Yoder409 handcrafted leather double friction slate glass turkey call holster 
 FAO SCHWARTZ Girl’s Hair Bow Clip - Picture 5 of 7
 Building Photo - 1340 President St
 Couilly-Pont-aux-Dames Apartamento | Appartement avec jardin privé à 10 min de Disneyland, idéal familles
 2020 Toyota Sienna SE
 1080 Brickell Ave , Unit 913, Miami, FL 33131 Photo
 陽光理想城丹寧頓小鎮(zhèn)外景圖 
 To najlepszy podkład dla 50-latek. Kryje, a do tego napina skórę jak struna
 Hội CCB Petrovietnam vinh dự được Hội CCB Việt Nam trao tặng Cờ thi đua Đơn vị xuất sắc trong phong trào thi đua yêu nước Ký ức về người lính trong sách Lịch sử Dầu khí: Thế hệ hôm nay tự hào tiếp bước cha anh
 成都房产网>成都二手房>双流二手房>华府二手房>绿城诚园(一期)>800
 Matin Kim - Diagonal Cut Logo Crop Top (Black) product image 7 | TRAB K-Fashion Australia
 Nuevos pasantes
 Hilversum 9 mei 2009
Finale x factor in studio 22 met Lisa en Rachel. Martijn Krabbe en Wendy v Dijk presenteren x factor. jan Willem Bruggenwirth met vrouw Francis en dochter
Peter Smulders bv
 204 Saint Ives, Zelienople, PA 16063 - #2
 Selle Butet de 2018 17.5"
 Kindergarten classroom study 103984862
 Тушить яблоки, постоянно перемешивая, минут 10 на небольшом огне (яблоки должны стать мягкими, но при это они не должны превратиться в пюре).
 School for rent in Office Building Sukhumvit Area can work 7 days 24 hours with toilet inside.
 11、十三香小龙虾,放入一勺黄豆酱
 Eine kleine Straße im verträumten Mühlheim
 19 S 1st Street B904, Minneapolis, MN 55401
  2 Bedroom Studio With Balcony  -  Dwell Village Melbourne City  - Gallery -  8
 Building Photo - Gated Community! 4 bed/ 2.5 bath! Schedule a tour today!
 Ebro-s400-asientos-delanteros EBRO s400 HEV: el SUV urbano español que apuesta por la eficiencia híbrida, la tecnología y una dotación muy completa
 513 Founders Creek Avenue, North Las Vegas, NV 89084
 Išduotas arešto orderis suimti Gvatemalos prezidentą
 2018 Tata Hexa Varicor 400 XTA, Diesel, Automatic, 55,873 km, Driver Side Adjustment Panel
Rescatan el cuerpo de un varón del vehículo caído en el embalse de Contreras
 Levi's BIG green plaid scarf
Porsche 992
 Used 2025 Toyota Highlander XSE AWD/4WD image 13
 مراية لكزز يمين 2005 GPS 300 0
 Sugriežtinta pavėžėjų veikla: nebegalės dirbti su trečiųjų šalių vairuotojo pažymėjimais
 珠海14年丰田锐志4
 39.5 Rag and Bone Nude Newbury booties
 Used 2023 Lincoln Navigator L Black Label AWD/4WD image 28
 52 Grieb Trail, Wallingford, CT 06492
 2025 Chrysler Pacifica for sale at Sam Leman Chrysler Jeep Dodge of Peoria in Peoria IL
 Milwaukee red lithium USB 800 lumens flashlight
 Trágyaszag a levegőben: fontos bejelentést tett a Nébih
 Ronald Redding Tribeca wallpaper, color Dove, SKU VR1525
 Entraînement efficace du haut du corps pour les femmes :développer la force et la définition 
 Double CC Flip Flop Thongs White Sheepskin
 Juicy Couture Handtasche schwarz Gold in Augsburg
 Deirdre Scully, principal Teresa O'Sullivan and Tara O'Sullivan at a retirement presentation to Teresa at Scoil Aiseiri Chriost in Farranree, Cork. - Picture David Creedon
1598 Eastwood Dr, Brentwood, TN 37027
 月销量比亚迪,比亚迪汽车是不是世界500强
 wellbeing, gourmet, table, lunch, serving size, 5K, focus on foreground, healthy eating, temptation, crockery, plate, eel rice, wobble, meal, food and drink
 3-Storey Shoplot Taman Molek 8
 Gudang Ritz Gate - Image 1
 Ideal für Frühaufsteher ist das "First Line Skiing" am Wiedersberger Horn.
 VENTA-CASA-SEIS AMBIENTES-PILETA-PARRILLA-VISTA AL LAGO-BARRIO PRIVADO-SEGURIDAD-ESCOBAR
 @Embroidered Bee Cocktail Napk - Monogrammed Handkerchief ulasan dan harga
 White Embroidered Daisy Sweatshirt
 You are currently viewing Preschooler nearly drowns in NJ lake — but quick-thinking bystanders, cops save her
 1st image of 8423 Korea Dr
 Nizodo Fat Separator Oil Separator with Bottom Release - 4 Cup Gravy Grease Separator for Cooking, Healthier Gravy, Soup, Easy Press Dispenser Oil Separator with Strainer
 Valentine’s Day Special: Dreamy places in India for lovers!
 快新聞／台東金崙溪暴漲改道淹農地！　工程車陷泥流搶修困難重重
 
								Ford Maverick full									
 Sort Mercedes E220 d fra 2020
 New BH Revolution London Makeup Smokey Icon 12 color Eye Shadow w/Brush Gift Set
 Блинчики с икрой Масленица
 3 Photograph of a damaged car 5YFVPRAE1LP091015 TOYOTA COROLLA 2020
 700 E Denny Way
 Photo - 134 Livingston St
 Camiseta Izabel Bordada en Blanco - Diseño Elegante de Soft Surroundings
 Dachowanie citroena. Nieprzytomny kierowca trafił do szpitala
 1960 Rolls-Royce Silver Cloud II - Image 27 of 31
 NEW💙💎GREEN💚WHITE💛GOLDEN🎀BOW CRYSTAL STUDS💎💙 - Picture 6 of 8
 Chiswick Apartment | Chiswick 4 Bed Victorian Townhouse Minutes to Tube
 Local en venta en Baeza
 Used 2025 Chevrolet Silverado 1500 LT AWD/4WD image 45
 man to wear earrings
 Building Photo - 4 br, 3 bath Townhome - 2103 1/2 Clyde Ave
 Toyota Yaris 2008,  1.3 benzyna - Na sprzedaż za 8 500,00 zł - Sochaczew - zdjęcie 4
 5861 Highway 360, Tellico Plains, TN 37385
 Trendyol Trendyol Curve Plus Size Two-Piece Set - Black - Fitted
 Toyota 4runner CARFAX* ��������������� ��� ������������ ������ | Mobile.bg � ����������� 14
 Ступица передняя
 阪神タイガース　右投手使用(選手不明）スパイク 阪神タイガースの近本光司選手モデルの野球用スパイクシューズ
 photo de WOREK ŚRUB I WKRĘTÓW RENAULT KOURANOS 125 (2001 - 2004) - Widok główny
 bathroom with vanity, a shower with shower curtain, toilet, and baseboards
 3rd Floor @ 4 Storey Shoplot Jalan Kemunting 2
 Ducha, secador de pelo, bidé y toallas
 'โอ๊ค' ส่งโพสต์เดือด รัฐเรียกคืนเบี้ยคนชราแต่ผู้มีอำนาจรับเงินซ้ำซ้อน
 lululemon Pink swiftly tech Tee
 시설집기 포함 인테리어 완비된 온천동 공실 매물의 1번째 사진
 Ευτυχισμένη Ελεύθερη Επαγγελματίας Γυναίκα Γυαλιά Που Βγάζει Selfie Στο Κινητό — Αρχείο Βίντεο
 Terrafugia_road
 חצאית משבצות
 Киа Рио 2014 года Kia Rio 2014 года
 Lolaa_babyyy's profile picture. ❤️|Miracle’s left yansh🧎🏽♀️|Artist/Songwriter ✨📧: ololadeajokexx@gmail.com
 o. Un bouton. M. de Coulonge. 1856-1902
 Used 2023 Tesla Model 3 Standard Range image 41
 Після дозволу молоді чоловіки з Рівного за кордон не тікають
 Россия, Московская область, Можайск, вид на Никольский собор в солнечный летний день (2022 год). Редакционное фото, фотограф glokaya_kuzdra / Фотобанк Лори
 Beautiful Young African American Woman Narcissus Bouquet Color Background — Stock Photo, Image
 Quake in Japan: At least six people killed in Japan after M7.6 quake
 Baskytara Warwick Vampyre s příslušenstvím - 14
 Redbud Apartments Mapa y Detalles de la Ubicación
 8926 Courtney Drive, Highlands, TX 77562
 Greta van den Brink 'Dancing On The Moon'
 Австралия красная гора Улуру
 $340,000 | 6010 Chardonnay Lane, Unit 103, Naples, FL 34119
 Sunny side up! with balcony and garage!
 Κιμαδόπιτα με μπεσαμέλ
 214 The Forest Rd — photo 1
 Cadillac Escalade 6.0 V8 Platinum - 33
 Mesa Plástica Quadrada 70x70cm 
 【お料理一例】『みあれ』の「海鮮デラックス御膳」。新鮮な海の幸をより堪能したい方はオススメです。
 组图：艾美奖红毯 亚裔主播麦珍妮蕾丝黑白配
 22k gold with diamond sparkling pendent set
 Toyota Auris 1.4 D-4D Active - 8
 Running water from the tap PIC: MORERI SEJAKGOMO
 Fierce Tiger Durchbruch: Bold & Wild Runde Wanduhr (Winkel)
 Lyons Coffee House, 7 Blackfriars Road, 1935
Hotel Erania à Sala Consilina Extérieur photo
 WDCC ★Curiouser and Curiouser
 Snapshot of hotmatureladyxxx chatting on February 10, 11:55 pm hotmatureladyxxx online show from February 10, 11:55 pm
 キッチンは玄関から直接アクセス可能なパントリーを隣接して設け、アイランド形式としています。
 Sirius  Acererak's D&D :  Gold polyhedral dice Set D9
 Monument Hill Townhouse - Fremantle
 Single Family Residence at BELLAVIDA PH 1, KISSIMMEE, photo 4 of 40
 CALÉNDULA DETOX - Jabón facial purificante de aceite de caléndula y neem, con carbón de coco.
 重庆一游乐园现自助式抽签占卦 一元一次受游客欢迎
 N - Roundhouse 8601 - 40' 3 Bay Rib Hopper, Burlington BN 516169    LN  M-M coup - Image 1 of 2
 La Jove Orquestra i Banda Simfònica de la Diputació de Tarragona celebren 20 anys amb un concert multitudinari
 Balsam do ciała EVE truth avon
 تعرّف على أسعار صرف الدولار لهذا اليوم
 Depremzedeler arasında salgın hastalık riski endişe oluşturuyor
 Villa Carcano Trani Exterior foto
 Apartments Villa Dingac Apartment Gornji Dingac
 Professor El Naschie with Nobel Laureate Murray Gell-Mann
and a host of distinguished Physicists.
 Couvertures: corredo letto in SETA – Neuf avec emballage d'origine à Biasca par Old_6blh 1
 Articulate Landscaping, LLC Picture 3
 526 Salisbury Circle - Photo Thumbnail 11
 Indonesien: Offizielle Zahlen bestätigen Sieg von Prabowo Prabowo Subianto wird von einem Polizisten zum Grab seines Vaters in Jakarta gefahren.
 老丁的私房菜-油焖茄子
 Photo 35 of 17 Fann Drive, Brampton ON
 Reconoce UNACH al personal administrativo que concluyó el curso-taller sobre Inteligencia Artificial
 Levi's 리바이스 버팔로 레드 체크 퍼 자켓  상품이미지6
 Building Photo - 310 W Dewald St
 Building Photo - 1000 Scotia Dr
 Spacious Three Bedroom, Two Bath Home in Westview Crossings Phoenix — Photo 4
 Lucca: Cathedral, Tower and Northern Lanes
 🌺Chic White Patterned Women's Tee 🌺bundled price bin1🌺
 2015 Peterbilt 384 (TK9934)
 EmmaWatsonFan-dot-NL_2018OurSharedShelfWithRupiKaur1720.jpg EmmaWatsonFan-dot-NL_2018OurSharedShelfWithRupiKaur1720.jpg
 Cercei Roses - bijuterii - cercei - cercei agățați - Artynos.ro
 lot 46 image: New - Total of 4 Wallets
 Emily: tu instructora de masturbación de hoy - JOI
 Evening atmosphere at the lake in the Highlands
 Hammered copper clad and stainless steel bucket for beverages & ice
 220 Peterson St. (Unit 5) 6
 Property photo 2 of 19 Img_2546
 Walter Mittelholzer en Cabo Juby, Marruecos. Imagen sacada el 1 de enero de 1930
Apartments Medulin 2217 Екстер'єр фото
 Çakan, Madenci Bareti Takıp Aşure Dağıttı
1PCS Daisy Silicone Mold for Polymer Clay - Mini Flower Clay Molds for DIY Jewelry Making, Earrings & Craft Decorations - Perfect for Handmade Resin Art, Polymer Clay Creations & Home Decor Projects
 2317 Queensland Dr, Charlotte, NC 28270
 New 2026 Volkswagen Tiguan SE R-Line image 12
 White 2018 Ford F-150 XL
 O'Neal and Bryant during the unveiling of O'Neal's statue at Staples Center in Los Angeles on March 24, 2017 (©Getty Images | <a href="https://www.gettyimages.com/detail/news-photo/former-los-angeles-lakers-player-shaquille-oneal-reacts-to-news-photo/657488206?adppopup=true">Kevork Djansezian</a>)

++++++++

Work task:
Copy out only the lines above from the one with "11、十三香小龙虾,放入一勺黄豆酱" to the one with "2025 Chrysler Pacifica", inclusive, exactly as they stand.

Answer section:
 11、十三香小龙虾,放入一勺黄豆酱
 Eine kleine Straße im verträumten Mühlheim
 19 S 1st Street B904, Minneapolis, MN 55401
  2 Bedroom Studio With Balcony  -  Dwell Village Melbourne City  - Gallery -  8
 Building Photo - Gated Community! 4 bed/ 2.5 bath! Schedule a tour today!
 Ebro-s400-asientos-delanteros EBRO s400 HEV: el SUV urbano español que apuesta por la eficiencia híbrida, la tecnología y una dotación muy completa
 513 Founders Creek Avenue, North Las Vegas, NV 89084
 Išduotas arešto orderis suimti Gvatemalos prezidentą
 2018 Tata Hexa Varicor 400 XTA, Diesel, Automatic, 55,873 km, Driver Side Adjustment Panel
Rescatan el cuerpo de un varón del vehículo caído en el embalse de Contreras
 Levi's BIG green plaid scarf
Porsche 992
 Used 2025 Toyota Highlander XSE AWD/4WD image 13
 مراية لكزز يمين 2005 GPS 300 0
 Sugriežtinta pavėžėjų veikla: nebegalės dirbti su trečiųjų šalių vairuotojo pažymėjimais
 珠海14年丰田锐志4
 39.5 Rag and Bone Nude Newbury booties
 Used 2023 Lincoln Navigator L Black Label AWD/4WD image 28
 52 Grieb Trail, Wallingford, CT 06492
 2025 Chrysler Pacifica for sale at Sam Leman Chrysler Jeep Dodge of Peoria in Peoria IL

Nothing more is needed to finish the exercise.